Boeselager was dispatched by von Tresckow to urge his old commander, von Kluge, to change his strategy and to join the conspiracy against Hitler. Von Kluge was now Commander-in-Chief in the West; in the East, German lines were spread so thin that multiple Russian breakthroughs were inevitable. Tresckow wanted von Kluge to open the front in the West, begin negotiations with the British and Americans, and transfer assets to the Eastern Front to fight the " Bolsheviks", viewed as a much crueler and uncompromising enemy. Hitler and his cronies, all obstacles to sound military strategy and peacemaking, would be eliminated. In the plan that von Tresckow envisioned, Von Kluge would arrange for the former's transfer so that he could help consolidate the coup. However, Von Kluge felt that the Americans and British would be "opening up" his front for him soon no matter what he actions he took, did not trust most of his staff to keep silent about the conspiracy, and therefore declined to participate in the plot or any other planning. Von Boeselager returned to von Tresckow empty-handed, but he still had a contribution to make.

In support of the German resistance, von Boeselager would bide with the greater part of his brigade in the Prussian hinterlands, then advance to take Berlin and hold it. Von Boeselager also helped Wessel Freiherr von Freytag-Loringhoven in procuring the British Hexogen plastic explosive and other parts used in the bomb that would be used to kill Hitler - a fact that his friends who were tortured by Hitler's security services never revealed . At the appointed time, von Boeselager and his brother began marching their columns on Berlin. But before he and his men could reach Berlin, he was informed by about the unsuccessful bombing carried out on July 20 by Claus von Stauffenberg. Boeselager accordingly led his troops back to the front with great celerity and doing the utmost to camouflage the reason for the troop movement; thus, he and his brother Phillip were not implicated in the plot. Approximately 5,000 others were not so lucky, and were executed for their roles, however minor.

Death and legacy

Although the brothers von Boeselager had escaped initial suspicion, investigators sent a message to one of Georg's old units in France requesting that "First Lieutenant von Boeselager" be detained for questioning; his old comrades replied (semi-truthfully, since Boeselager had long since been promoted) that they knew no such officer.

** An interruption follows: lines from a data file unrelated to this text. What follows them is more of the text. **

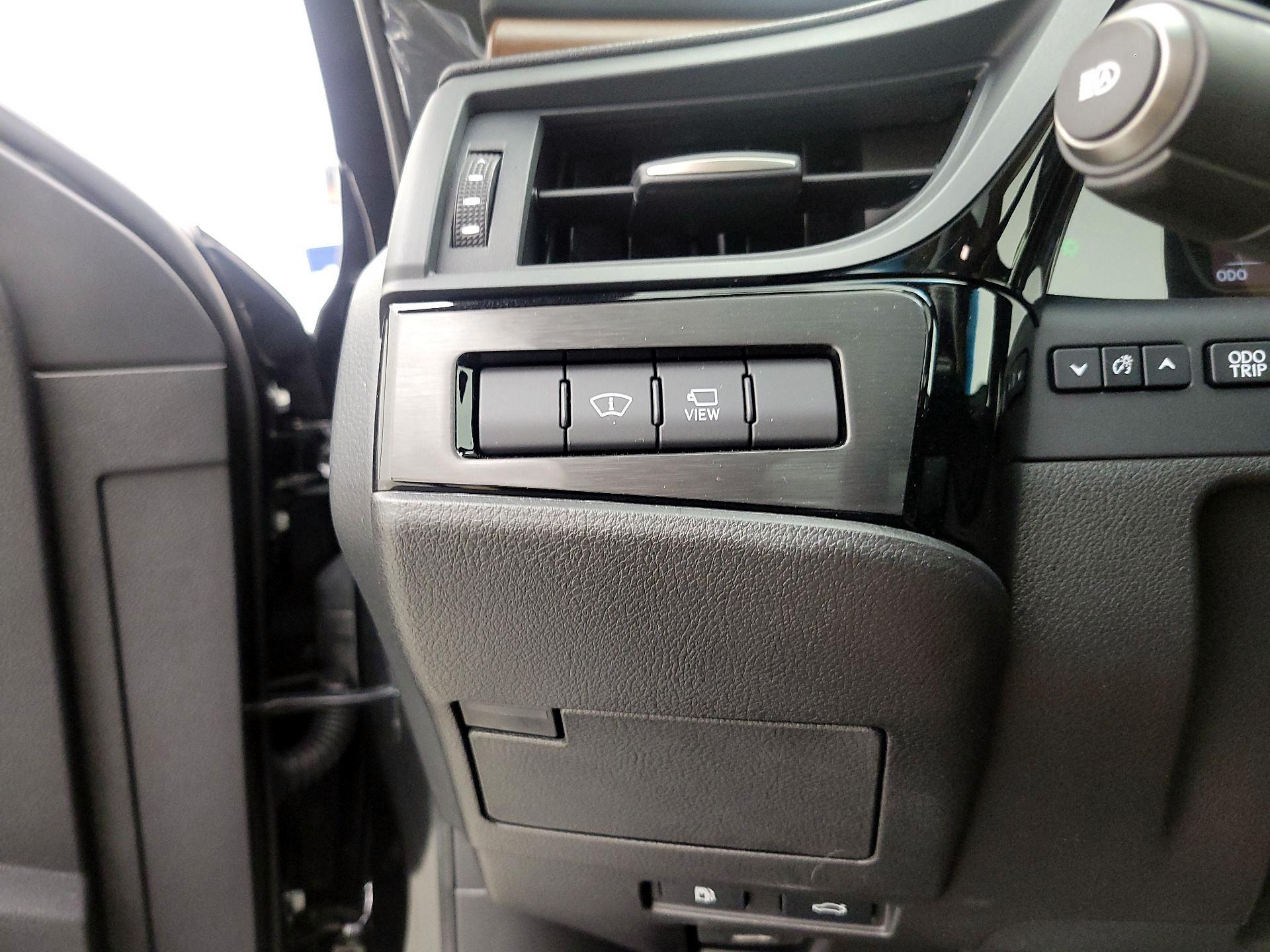 Thumbnail: 2024 Lexus ES - 13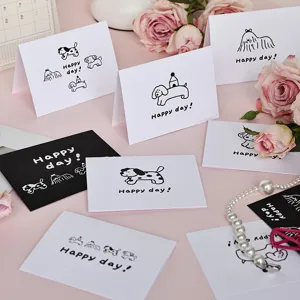 Primer plano de tarjetas de felicitación minimalistas en blanco y negro con perros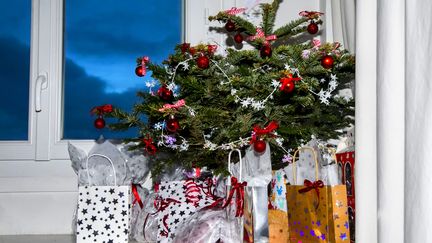 Un sapin de Noël entouré de cadeaux. (VINCENT ISORE / MAXPPP)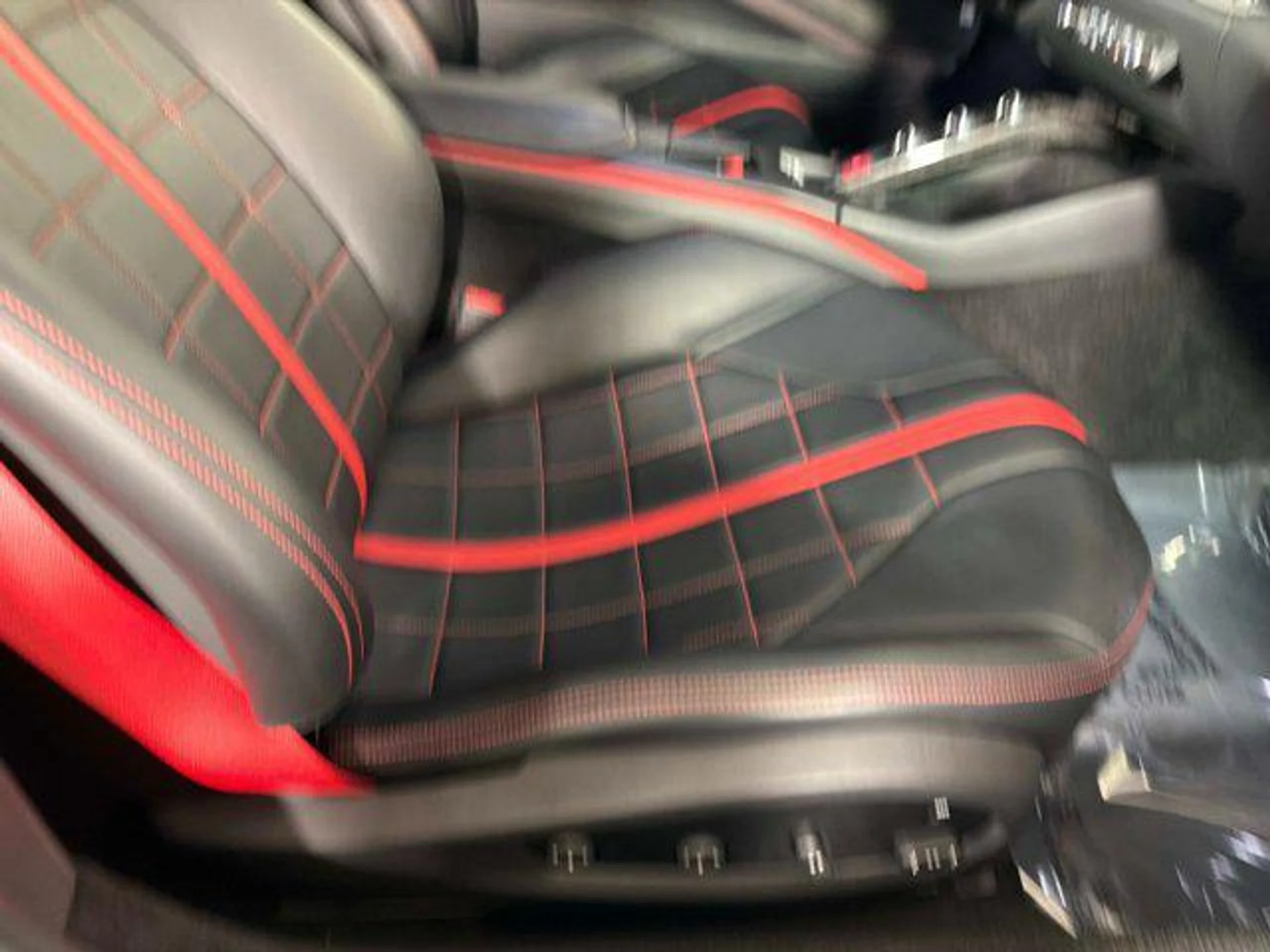 mph023_687950724_Iqmtj3o_Xl_U_Kw1_LW_Ypj_M_Lb_Er_O_Um_E_55a222dc6a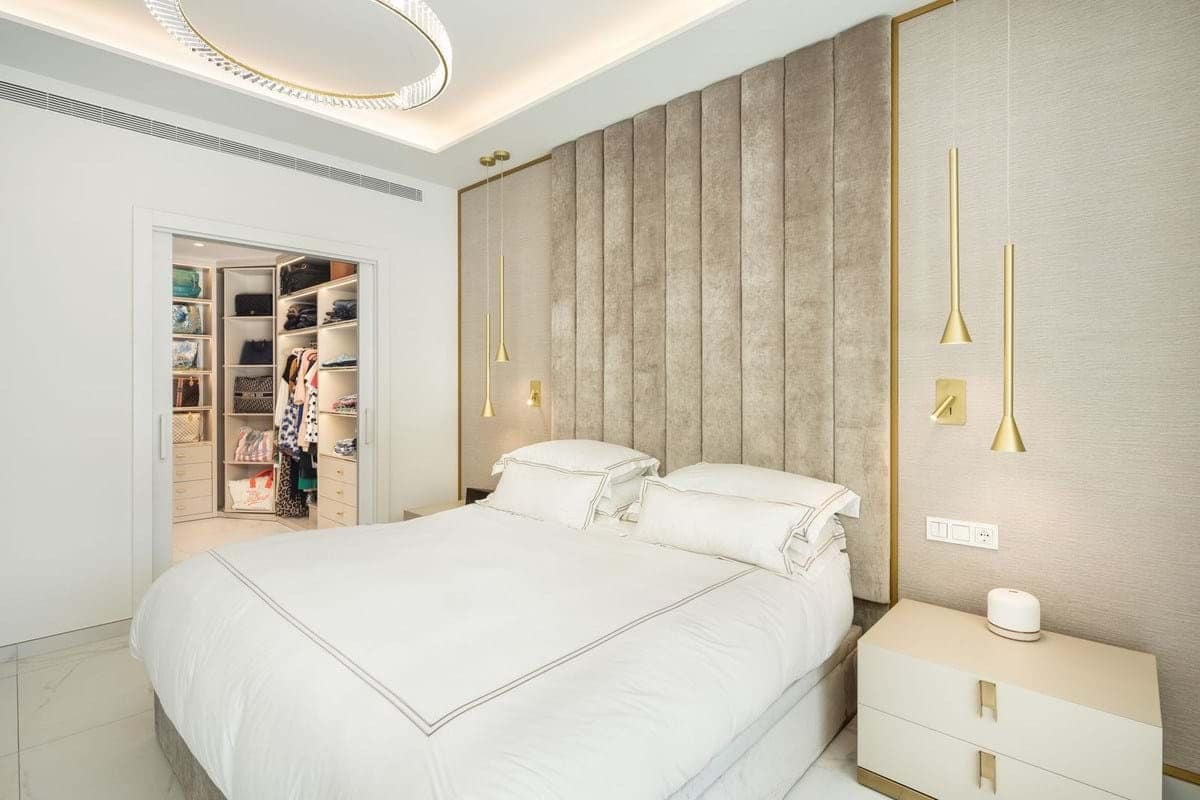 3 bedroom Apartment for sale in Benalmadena with pool garage - € 1,450,000 (Ref: 9694010)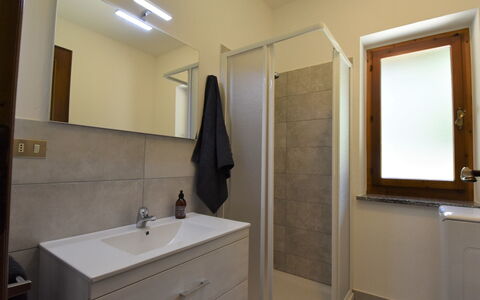 Fenis 300: Bathroom, Room, Bathroom Cabinet, Property, Bathroom Accessory, Sink, Plumbing Fixture, Bathroom Sink, Tap, Wall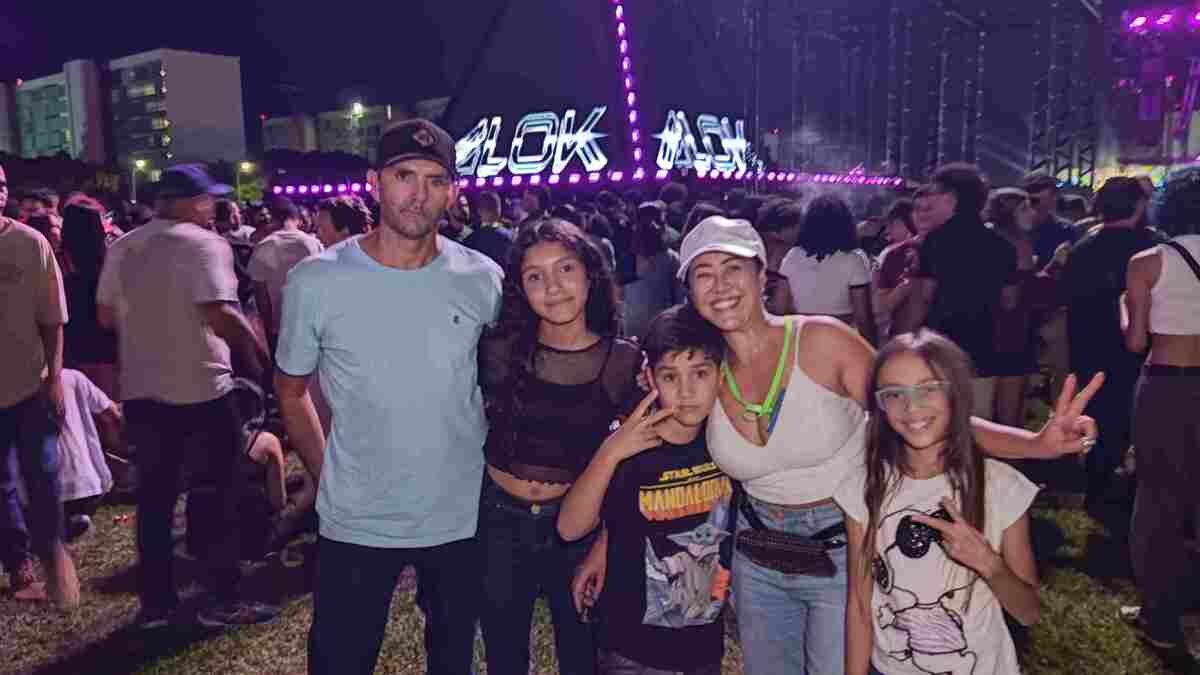 Moradora de Ceilândia, Lady Armond, 45, trouxe a filha de 9 anos anos e os sobrinhos, 9 e 13, para curtir a performance do DJ -  (crédito: ED ALVES/CB/D.A.Press)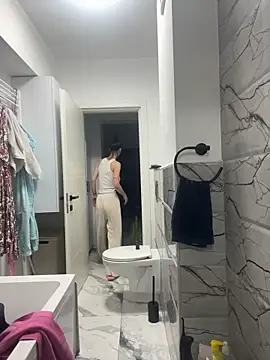 Celine Roxelle online show from 05-31-26, 05:53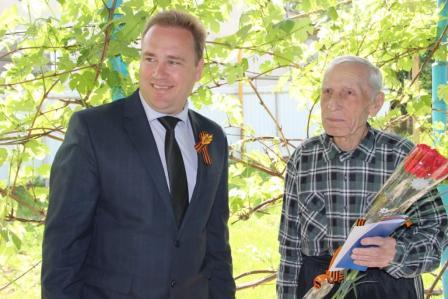 Ветеран ВОв Александр Иванович Милицин из Тбилисской пишет картины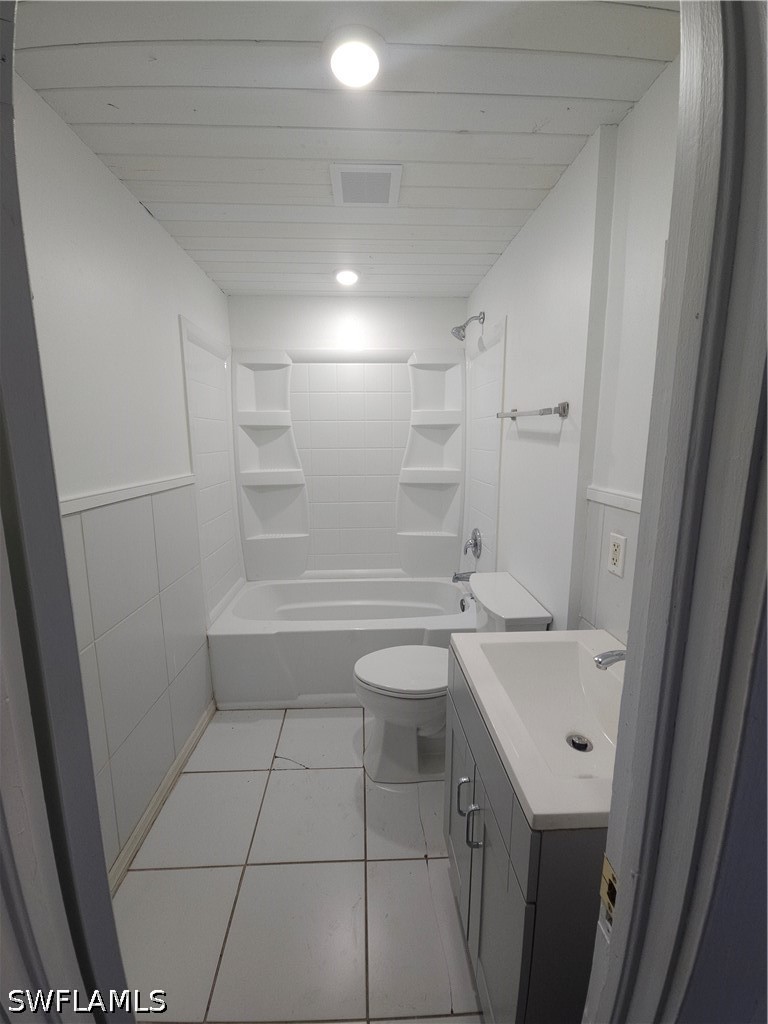 2657 Lafayette St Property Photo 14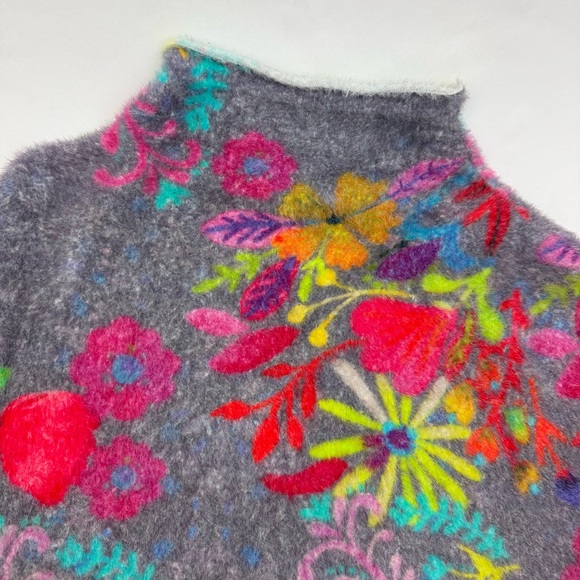 Natural Life Cashmere-Like Mock Neck Sweater: Charcoal Pink Poppy Floral Boho - Picture 9 of 11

Even though he was now a field-grade officer, Georg continued his hard-charging junior cavalryman's ways. Perhaps Georg was aware that his life was in danger and he wished to die a hero, reasoning that his family would be less liable to Nazi persecution, or else he was despondent about the failure of the plot and the future of Germany under Hitler or under Russian occupation. Unfortunately for historians, Oberst von Boeselager carried the knowledge of his motivations to the grave, falling in an assault against a heavily fortified Russian position near Łomża on the River Bug on August 27, 1944. On August 29, he was posthumously promoted to full colonel and awarded the Knight's Cross with Oak Leaves and Swords — one of only 159 German soldiers so decorated in the history of the award.

The Bundeswehr's Freiherr von Boeselager Kaserne ("Baron von Boeselager Barracks") near Munich are named for him, as are the Georg-von-Boeselager-Strasse ("George von Boeselager Street") and the Georg-von-Boeselager-Schule ("George von Boeselager Primary School") in Bonn.